--- Material provided Enclosed Below ---

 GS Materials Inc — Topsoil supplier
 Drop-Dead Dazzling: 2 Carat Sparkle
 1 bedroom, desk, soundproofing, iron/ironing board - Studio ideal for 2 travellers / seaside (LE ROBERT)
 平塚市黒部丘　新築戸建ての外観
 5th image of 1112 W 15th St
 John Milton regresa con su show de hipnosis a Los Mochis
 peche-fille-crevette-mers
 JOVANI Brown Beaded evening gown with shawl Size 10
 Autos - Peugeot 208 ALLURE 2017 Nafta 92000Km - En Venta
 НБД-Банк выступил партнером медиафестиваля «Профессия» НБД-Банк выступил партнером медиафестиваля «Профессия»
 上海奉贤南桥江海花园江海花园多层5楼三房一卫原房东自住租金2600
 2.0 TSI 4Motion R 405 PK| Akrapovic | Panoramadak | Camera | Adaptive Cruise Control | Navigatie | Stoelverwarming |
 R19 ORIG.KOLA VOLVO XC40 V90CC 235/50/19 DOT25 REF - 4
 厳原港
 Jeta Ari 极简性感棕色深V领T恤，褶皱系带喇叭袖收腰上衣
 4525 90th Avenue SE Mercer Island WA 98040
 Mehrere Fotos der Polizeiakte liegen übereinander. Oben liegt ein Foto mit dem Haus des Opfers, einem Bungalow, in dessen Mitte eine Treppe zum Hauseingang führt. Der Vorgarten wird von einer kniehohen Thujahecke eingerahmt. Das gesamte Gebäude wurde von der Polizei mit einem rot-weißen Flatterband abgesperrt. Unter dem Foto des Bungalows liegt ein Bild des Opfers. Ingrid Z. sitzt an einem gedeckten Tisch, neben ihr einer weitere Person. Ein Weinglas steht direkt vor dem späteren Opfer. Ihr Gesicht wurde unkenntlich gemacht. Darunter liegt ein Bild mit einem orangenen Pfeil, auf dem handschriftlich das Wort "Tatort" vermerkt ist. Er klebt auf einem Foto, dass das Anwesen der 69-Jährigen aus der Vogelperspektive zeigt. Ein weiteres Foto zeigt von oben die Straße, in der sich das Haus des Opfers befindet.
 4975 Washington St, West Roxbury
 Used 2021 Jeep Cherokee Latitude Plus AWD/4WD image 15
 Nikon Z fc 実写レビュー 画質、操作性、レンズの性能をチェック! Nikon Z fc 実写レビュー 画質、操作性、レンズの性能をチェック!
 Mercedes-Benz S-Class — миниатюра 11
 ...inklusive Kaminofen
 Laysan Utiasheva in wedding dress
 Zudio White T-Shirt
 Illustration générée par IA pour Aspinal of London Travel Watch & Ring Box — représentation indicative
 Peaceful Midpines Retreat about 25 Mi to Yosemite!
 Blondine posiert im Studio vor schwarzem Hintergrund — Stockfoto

--- End of Enclosed Material provided ---

Exercise instructions
Exactly as written, repeat the lines from the start of the listing through the line containing "peche-fille-crevette-mers", both included.

Finished exercise
 GS Materials Inc — Topsoil supplier
 Drop-Dead Dazzling: 2 Carat Sparkle
 1 bedroom, desk, soundproofing, iron/ironing board - Studio ideal for 2 travellers / seaside (LE ROBERT)
 平塚市黒部丘　新築戸建ての外観
 5th image of 1112 W 15th St
 John Milton regresa con su show de hipnosis a Los Mochis
 peche-fille-crevette-mers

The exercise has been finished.